Gerade bekam ich per WhatsApp eine Einladung zum Maifest der Naturfreunde in Oakland. Auf dem Programm stehen Tanz um den Maibaum, Schuhplattlern, Jodelwettbewerb und Schnitzeljagd. Alles bei Brezen, Bier und Würstchen. Mehr Klischee geht nicht. Mehr bairische Heimatverbundenheit auch nicht. Gut, dass ich Tonis und mein Dirndl eingepackt hab. (Toni trägt ihres eh ständig, sie liebt es so.)
Deutsche Vereine gibt’s hier seit es hier Deutsche gibt. Also seit dem Goldrausch ab 1848. Um 1900 waren 25% der Bevölkerung hier Deutsche. In San Francisco bildeten sie entsprechend große, sozial und politisch einflussreiche Vereinigungen. Ihre wichtigste Aufgabe: die gegenseitige Unterstützung im Notfall. Außerdem: Pflege von Tradition, Kultur und Sprache.
Dank der zwei großen Einwanderungswellen nach dem 1. und 2. Weltkrieg haben die Vereine immer noch viele deutsche Mitglieder. Die meisten Aktiven sind 80 und älter, also genauso wie in unserer Gemeinde.
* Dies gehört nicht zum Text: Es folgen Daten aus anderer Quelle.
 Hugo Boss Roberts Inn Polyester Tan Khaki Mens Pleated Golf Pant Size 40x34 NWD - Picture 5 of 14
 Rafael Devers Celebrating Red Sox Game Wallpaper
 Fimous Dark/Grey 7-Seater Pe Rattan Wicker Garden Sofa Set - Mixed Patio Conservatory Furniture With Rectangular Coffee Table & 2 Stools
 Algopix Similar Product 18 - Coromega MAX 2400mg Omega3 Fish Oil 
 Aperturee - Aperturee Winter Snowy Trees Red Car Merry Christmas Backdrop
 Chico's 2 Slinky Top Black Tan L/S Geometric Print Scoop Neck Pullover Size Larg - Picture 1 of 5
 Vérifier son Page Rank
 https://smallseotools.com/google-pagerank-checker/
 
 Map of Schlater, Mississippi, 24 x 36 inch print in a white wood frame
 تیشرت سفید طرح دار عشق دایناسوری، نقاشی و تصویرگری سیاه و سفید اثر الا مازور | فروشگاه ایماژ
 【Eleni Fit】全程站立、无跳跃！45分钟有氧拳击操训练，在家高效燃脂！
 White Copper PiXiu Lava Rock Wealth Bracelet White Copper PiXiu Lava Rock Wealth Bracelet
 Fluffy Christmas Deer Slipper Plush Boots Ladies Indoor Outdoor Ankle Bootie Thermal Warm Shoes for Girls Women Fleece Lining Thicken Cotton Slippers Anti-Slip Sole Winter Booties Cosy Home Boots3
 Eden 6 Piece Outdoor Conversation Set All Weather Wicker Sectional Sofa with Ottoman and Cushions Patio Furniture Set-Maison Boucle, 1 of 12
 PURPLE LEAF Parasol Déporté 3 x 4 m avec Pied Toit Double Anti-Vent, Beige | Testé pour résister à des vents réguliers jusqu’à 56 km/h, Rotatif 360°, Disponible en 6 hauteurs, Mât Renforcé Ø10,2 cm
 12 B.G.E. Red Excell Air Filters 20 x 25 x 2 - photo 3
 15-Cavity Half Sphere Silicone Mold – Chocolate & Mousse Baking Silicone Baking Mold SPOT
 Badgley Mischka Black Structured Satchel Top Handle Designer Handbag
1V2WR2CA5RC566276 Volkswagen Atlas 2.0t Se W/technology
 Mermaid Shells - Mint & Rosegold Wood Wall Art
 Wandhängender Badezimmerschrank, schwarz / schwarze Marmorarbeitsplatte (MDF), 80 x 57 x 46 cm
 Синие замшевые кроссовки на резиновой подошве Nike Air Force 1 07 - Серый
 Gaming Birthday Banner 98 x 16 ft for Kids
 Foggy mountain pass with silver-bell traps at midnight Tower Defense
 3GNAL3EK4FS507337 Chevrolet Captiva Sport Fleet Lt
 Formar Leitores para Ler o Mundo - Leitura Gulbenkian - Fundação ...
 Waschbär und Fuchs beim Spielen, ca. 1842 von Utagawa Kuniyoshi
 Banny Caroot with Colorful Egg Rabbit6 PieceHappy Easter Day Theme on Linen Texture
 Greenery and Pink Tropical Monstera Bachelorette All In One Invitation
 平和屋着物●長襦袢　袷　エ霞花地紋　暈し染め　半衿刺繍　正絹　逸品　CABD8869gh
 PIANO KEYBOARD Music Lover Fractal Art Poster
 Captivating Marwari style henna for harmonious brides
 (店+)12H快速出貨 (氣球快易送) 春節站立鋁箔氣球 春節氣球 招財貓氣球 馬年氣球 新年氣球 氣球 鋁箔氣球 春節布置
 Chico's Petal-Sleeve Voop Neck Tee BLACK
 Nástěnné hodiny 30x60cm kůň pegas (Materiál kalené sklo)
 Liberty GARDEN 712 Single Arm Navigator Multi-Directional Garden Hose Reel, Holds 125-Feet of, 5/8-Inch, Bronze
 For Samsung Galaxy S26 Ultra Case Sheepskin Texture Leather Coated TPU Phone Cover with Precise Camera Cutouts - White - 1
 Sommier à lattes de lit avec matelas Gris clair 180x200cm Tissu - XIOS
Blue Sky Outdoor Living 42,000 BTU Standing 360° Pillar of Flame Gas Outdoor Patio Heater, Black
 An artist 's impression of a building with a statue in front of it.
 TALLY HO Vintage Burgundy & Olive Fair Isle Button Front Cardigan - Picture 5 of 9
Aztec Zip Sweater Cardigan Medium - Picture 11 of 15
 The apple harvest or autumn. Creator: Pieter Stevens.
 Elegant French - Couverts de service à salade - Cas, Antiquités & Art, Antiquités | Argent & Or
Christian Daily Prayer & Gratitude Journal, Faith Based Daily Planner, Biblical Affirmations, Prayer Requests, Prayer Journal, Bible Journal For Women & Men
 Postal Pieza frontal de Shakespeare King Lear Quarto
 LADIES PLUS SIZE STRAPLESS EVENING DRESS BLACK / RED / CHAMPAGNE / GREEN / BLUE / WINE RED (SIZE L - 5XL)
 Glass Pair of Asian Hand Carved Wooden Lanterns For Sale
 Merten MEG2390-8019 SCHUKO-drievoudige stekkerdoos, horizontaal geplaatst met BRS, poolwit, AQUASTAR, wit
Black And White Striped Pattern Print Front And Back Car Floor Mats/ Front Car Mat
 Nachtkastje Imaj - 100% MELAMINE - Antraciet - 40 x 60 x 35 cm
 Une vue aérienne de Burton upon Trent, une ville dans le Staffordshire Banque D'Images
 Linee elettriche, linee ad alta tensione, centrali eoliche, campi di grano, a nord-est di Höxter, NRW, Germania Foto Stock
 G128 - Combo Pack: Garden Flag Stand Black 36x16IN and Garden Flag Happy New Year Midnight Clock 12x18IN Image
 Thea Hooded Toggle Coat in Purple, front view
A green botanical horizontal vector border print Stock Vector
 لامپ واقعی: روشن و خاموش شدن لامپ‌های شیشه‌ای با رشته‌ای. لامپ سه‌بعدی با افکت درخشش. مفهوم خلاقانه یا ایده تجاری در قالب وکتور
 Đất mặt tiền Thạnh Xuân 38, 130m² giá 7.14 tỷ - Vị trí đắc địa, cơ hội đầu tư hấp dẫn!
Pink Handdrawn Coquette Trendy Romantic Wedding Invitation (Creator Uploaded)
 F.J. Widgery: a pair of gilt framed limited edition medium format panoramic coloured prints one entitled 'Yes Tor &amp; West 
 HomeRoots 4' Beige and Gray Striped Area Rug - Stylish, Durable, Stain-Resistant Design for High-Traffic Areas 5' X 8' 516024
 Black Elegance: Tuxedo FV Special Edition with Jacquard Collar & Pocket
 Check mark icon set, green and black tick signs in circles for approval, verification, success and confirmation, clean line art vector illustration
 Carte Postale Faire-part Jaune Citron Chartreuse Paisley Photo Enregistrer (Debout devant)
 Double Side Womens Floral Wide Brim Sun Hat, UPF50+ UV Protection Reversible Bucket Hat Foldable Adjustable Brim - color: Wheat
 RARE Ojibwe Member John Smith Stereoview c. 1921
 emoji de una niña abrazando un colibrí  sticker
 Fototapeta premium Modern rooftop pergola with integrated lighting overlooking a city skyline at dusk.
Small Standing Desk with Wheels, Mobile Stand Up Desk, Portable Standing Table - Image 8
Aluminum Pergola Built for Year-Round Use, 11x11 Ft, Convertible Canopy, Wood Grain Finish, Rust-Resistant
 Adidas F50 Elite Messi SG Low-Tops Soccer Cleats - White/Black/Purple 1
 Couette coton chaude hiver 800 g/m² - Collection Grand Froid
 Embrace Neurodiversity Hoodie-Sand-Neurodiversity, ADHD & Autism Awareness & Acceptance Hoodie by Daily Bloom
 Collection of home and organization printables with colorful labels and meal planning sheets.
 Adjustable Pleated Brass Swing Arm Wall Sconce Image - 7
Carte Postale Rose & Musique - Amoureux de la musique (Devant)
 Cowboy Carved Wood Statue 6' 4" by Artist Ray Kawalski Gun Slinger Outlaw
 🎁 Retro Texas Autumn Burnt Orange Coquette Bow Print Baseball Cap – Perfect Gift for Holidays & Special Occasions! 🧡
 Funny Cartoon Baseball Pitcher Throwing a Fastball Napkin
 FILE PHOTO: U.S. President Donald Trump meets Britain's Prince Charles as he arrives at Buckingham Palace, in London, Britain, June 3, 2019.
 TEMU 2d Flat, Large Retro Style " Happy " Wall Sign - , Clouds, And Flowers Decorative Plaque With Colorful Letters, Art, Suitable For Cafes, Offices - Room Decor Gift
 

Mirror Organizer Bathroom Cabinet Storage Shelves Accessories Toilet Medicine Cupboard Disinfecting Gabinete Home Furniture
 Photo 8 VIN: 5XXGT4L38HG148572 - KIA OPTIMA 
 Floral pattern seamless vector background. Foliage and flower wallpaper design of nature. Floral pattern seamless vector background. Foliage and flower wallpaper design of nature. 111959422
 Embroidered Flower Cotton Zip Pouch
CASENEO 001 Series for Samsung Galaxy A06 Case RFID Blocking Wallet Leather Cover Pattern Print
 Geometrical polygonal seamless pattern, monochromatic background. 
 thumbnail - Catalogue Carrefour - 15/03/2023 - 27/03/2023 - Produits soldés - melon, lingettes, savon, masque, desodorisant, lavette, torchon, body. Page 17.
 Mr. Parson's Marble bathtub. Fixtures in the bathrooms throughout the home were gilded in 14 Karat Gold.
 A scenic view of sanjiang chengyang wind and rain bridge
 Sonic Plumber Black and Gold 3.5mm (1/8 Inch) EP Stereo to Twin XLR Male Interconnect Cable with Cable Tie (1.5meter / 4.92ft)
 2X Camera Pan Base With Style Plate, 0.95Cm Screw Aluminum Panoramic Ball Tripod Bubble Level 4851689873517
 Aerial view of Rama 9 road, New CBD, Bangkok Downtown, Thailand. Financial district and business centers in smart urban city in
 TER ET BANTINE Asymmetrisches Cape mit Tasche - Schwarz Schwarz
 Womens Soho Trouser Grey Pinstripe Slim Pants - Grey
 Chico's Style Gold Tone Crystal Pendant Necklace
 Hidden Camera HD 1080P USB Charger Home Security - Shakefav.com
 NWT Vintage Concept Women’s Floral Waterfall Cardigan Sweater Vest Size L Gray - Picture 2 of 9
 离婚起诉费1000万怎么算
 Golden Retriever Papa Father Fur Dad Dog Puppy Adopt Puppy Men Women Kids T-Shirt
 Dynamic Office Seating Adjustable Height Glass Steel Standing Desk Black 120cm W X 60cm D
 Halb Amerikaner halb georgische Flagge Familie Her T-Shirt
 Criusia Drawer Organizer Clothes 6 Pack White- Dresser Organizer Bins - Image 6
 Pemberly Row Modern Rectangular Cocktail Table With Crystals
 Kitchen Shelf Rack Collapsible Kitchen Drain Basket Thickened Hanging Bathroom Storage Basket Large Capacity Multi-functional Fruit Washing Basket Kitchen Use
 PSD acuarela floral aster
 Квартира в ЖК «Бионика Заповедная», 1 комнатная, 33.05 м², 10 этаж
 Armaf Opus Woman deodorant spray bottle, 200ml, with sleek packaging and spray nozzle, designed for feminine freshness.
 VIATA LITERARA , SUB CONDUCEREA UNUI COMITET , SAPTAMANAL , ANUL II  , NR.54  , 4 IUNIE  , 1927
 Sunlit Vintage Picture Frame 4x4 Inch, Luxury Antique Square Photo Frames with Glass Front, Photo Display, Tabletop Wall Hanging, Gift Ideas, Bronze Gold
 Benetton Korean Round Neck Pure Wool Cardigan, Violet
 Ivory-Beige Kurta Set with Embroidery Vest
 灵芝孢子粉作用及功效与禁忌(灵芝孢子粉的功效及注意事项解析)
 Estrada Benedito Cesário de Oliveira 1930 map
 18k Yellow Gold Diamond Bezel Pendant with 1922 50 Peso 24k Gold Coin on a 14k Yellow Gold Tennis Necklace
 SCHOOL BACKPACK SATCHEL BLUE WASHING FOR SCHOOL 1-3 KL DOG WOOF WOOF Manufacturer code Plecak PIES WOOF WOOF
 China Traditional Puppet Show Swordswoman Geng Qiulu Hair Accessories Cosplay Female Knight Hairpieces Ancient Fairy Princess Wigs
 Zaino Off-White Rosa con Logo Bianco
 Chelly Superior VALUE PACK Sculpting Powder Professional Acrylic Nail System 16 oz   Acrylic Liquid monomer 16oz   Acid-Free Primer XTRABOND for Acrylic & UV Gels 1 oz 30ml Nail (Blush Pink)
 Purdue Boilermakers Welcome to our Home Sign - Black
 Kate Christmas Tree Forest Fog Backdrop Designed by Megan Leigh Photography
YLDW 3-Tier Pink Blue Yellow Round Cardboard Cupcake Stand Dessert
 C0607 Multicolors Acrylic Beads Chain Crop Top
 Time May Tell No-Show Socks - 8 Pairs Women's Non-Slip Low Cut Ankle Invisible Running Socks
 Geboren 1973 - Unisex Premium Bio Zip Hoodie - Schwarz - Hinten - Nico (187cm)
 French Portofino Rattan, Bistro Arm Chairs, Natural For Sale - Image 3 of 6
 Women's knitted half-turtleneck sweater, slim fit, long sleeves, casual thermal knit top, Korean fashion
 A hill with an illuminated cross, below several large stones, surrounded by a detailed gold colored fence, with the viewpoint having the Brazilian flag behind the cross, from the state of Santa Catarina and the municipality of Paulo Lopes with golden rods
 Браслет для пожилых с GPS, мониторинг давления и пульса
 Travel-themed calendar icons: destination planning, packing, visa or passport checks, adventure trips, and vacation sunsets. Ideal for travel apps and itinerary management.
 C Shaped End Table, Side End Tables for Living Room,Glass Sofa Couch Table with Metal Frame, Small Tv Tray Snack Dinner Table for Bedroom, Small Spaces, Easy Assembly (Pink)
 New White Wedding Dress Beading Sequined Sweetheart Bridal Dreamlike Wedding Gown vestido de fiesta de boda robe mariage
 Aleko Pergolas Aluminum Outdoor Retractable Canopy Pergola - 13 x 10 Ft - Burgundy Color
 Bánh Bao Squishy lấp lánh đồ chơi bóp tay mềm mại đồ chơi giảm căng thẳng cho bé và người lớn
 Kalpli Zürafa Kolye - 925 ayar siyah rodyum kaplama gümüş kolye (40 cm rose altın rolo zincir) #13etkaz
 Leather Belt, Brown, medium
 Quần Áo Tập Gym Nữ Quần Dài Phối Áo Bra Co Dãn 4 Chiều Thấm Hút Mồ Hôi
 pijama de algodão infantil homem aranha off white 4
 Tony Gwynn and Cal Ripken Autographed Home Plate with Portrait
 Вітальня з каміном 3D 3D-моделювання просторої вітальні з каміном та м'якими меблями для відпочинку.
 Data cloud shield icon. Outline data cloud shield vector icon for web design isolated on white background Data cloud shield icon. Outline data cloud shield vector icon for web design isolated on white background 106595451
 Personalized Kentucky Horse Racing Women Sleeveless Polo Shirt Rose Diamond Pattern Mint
Ihre Kinder haben teilweise die Leitung der Vereine übernommen. Sie sind heute um die 50-jährige Amerikaner. Deutsch verstehen sie teilweise noch, sprechen es kaum. Kulturell sind sie Amerikaner durch und durch. Sie kleiden und schminken sich entsprechend. Sie können stundenlang über Essen und Restaurants reden. Sie sind perfekt im Smalltalk. Nur eins verrät ihre elterliche Herkunft: Sie essen mit Messer und Gabel. Gleichzeitig. Amerikaner schneiden erst alles klein, legen das Messer weg, nehmen die Gabel in die rechte Hand und essen.
Beim festlichen Banquet des Schwabenvereins spielte eine urige 2-Mann-Band amerikanische Standards der 1950er. Also aus der Jugendzeit der meisten Mitglieder. Man schwofte herrlich im Paartanz, auch Philipp und ich versuchten uns. Da ich die Kurzandacht vor dem Essen hielt, waren wir geladene Gäste.
Sonst ist der Zugang zu den Vereinen teilweise exklusiv. Im Schwabenverein kann nur Mitglied sein, wer männlich ist UND einen schwäbischen Vater vorzuweisen hat. (Quasi wie bei den Muslimen. Den Vergleich fanden sie jedoch nicht so witzig…) Die Damen und Töchter haben ihren eigenen Verein. Söhne schwäbischer Mütter haben Pech.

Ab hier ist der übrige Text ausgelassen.